She grumbled something at me and that was our last exchange in 40 minutes of mounting aggravation.

In fact, they have been working on the FDR for almost as long as I have been driving (about 50 years) and rather than things improving the road surface it is getting worse and about to collapse entirely.

Two weeks later (actually, a couple of days after the storm with fallen trees and limbs still not removed from our street), we needed to take the car to the VW mechanic in Brooklyn for its annual inspection and assorted repairs. 

We took the Manhattan Bridge between Manhattan and Brooklyn. As with the FDR, they have been working on the road surface for more than three decades and since traffic was slowed because of volume and potholes, we were able to catch closeup views of the road surface as we inched along. 

It is sad to report that in spite of all those years of effort in many places the potholes are so gouged out that one can see the East River flowing beneath the bridge.
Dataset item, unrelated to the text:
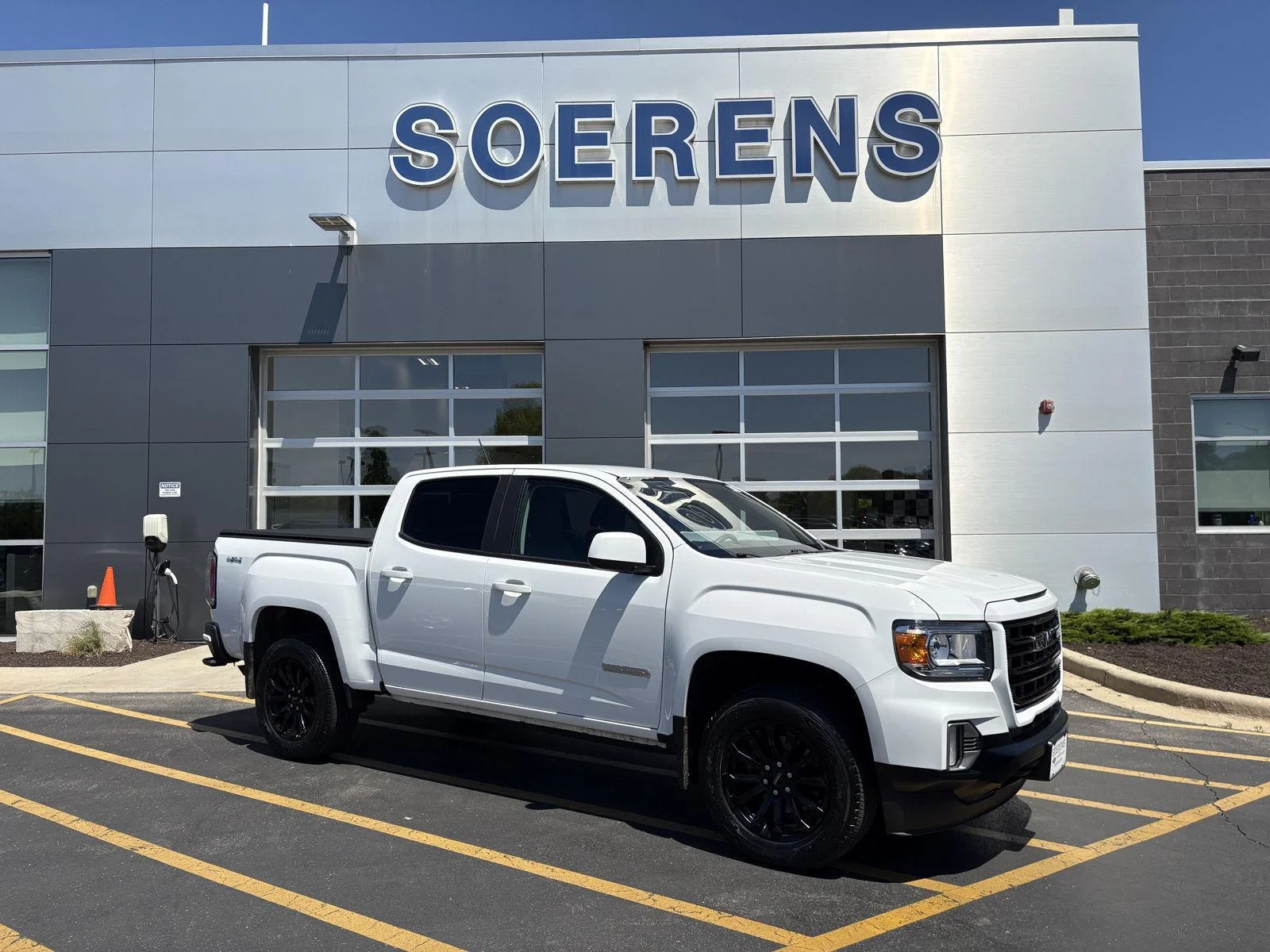 2022 GMC Canyon 4WD Elevation Crew Cab Short Box's photo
Doing something about infrastructure is more than a subject for political oneupmanship. We will see that aspect of it played out as soon as the Democrats take control of the house. It is more about taking care of some of society's essential assets. What would happen to NYC, for example, to in fact the nation, if both the FDR and Manhattan Bridge collapsed? As I feel certain one day not too far from now they will. What will workers do if their commutes routinely require 4-5 hours each way? When every day is like last Thursday?

Extrapolate this across the country and, what with the incessant fires, perhaps the Preppers have it right and the End is approaching.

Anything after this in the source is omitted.